You've been working on a movie about Skarekrau Radio for five years. What prompted you to do this in the first place? Why did you decide to do a documentary on them?
Chad Elvins: I met them through Chan Mandolin, who helped me rehab my house and was a member of SKR. He invited me out on an East coast tour, or as they call them, Warning Orbs. The more I hung out with them, the less secretive they got and they started inviting me to their rituals and just random weird shit they do. I didn't know half the time what I was filming, but I found it interesting, especially for something happening in the local music scene.
I imagine after five years you have a ton of footage. Describe what the movie is going to be like -- what's the premise? Who have you interviewed for it?

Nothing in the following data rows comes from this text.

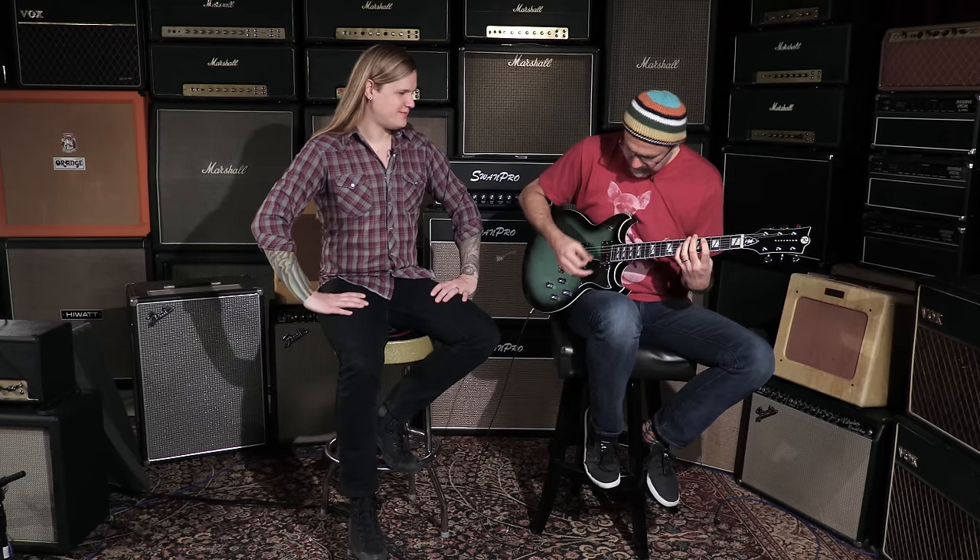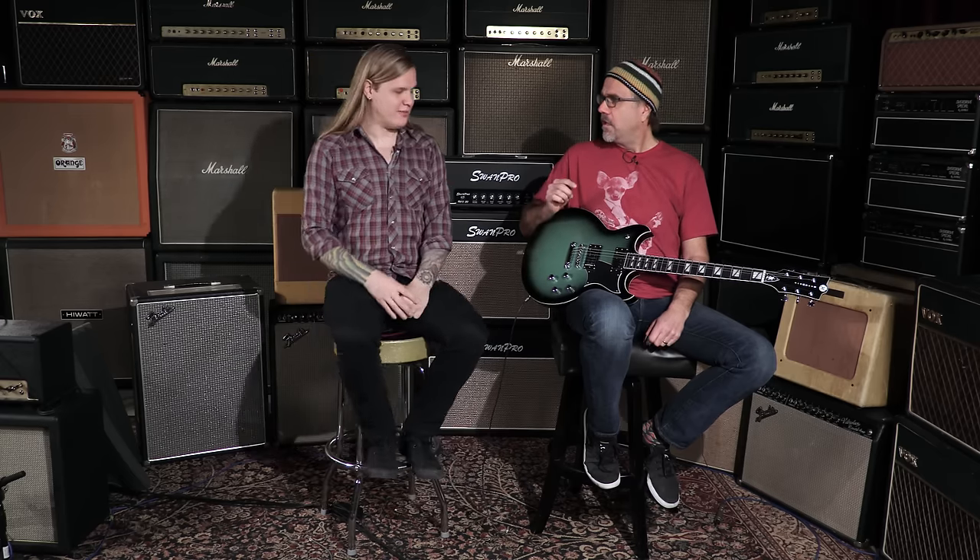I like it, sounds awesome, and it plays great as well. You've got the locking tuners on there, which of course all the Reverends do. It's just an awesome act. This is actually the first Reverend with four knobs — I talked Joe Naylor into approving that because I do kind of a stutter thing in a few of our songs and I wanted to be able to have an absolute kill switch.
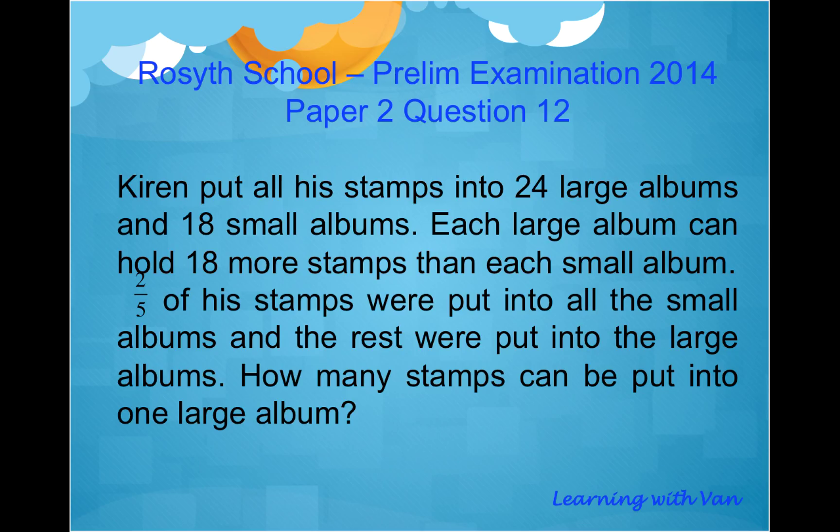This is the 2014 SF School Praline Examination, Paper 2, Question 12. Kyren put all his stamps into 24 large albums and 18 small albums. Each large album can hold 18 more stamps than each small album. Two-fifths of the stamps were put into all the small albums and the rest were put into the large albums. So how many stamps can we put into one large album?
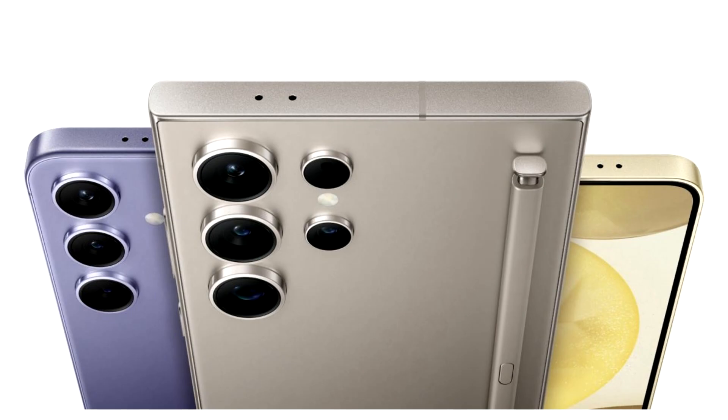According to Samsung analysts, the Snapdragon 8 Gen 4, in terms of raw power and energy efficiency, could rival Apple's upcoming A18 Pro processor and help narrow the gap between Android and iOS devices.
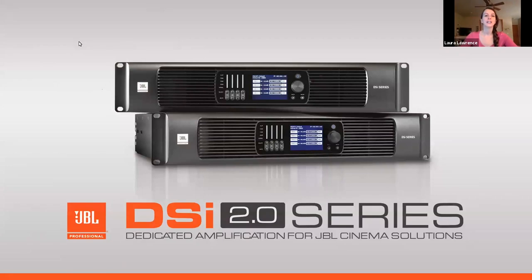Thank you everyone for joining us for this webinar: Introduction to JBL DSi 2.0 dedicated cinema amplification system and JBL sculpted surrounds, presented by Sunil Karanjikar.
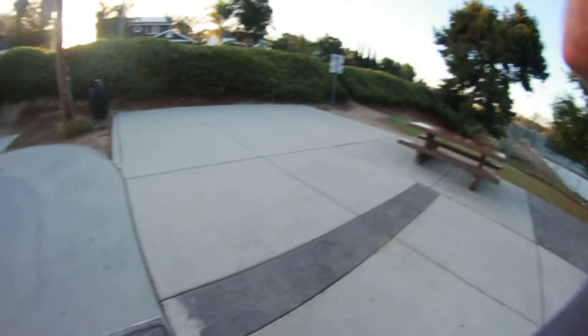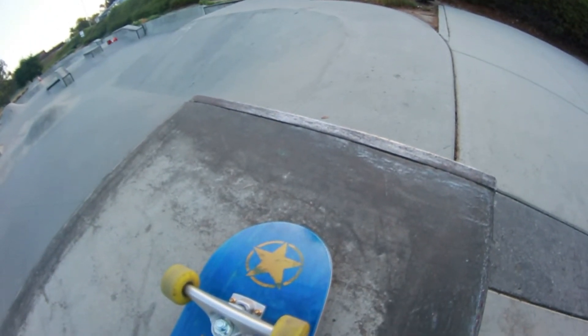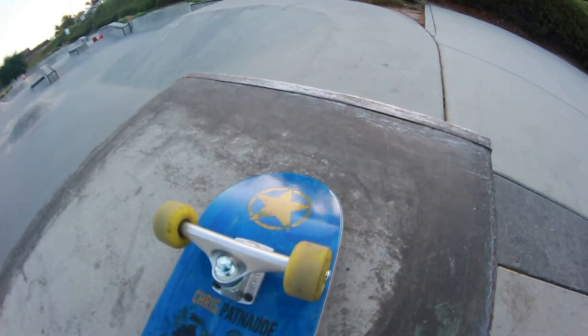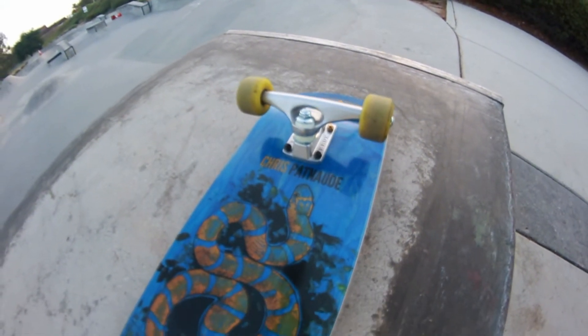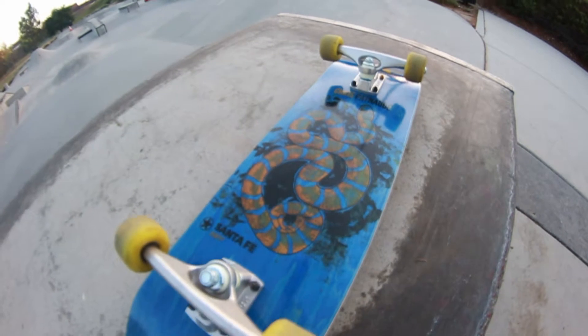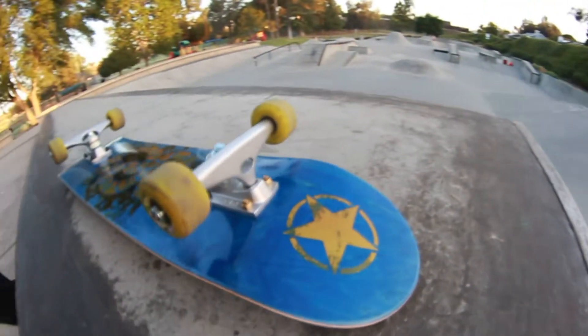Here's the board. It's got some Rain skate wheels and some Haul bearings, brand new Crux trucks. And I'll show a little footage of Chris Patnaugh so you know what he's about.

This really documents a chapter of Skarekrau Radio's history and is narrated by me and alter egos of myself. I became obsessed with Kricket Greene (singer of SKR) and film the last days of her being in the band and Jason Wallace Triefenbach (local artist) and his wife taking over the singing duties. The show on Wednesday will be the final filming I need of the new line up of singers to show the transgression from JWT.

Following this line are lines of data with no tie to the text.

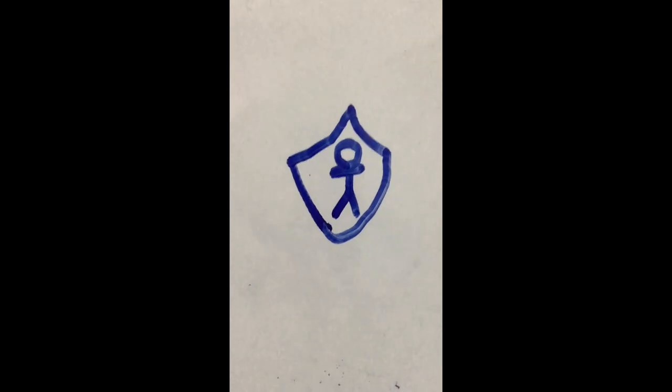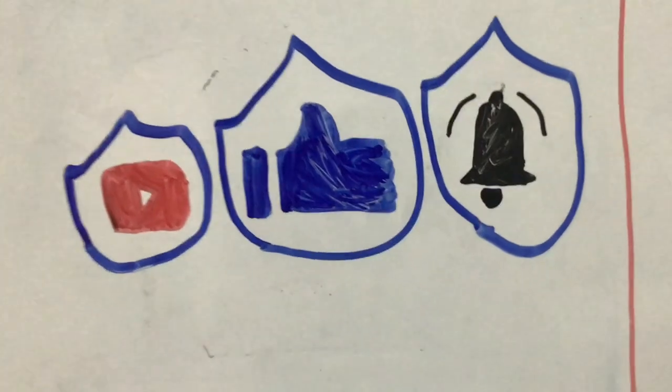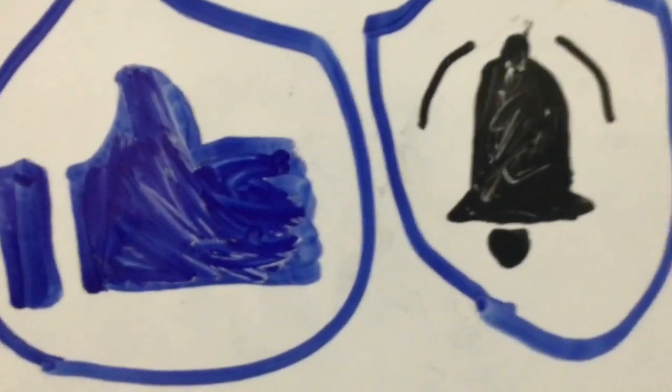Now here is your badge! There are other badges you can also get by liking and subscribing and also hitting the notifications bell — which I'm pretty sure no one has done to my channel! Please do not unsubscribe! Subscribe!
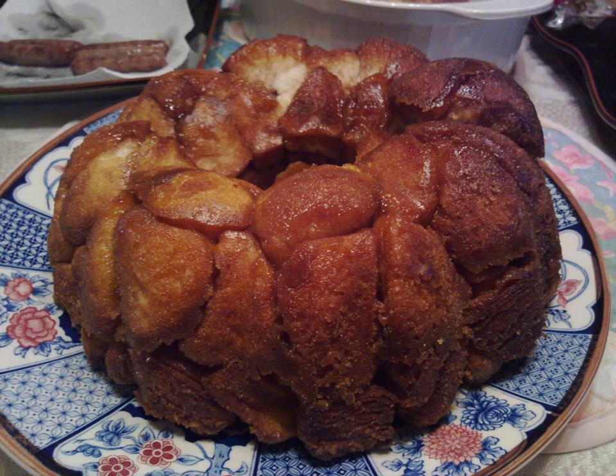The origin of the term 'monkey bread' comes from the pastry being a finger food — the consumer would pick apart the bread as a monkey would.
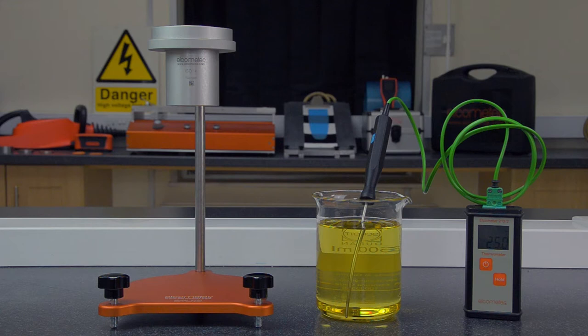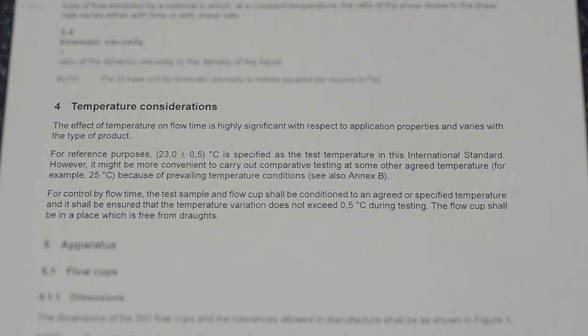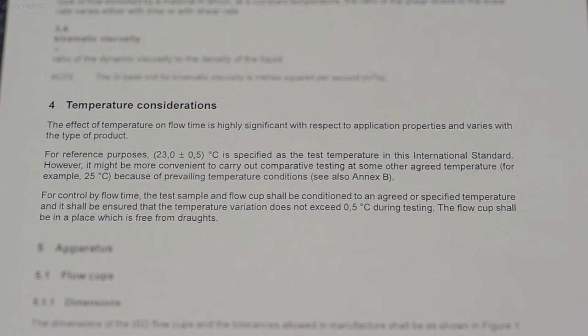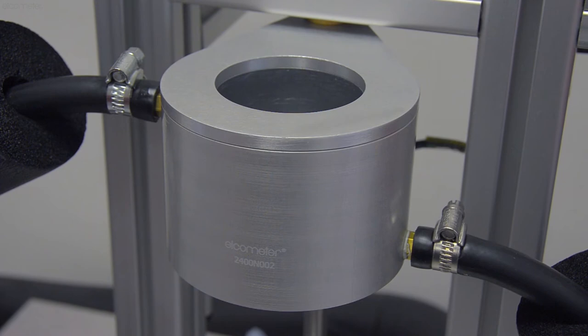Allow the temperature of the flow cup and sample liquid to stabilise at a uniform temperature. The temperature you test at will be dependent either on the test method or standard you're working to, the liquid you're testing, or on an agreed temperature by any interested parties. If you're not testing in a temperature controlled environment, then Elcometer's double-walled thermo jacket can be used to control the temperature of both cup and sample.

What about SKR makes them a good documentary subject?
The last time I saw them a member got naked and started humping tables in Mangia then got in a fight with another member. You never know what you'll get at a SKR show.
What's the most insane/ridiculous footage you've shot so far? Anything stand out?
I filmed so much male nudity that it could turn into one of those drinking games every time you see a wiener in this film. The best was a naked guy crawling into a sewer hole near the abandon Carondelet Coke Plant.
When can we expect the documentary to be finished? Will you be premiering it anywhere/shopping it to festivals/releasing it yourself? Does it have a name?
It's called A Time in Tempora (they're from Tempora, Illinois) and I plan on showing it here in St. Louis first. It's very low-brow so it'll be nice if underground film festivals play it.
Tell us about Nebula Funk Orchestra. Why did you choose to start doing a documentary on them?
Nebula Funk Orchestra is made up of a lot of people from south St. Louis bands and they are the best party band around, hands down. They have this beach theme to their shows and Wednesday will be over-the-top with this theme.
Anything else you want to add?
This show is a one time thing and I doubt you'll ever see NFO and SKR play a show like this again -- especially at Pops!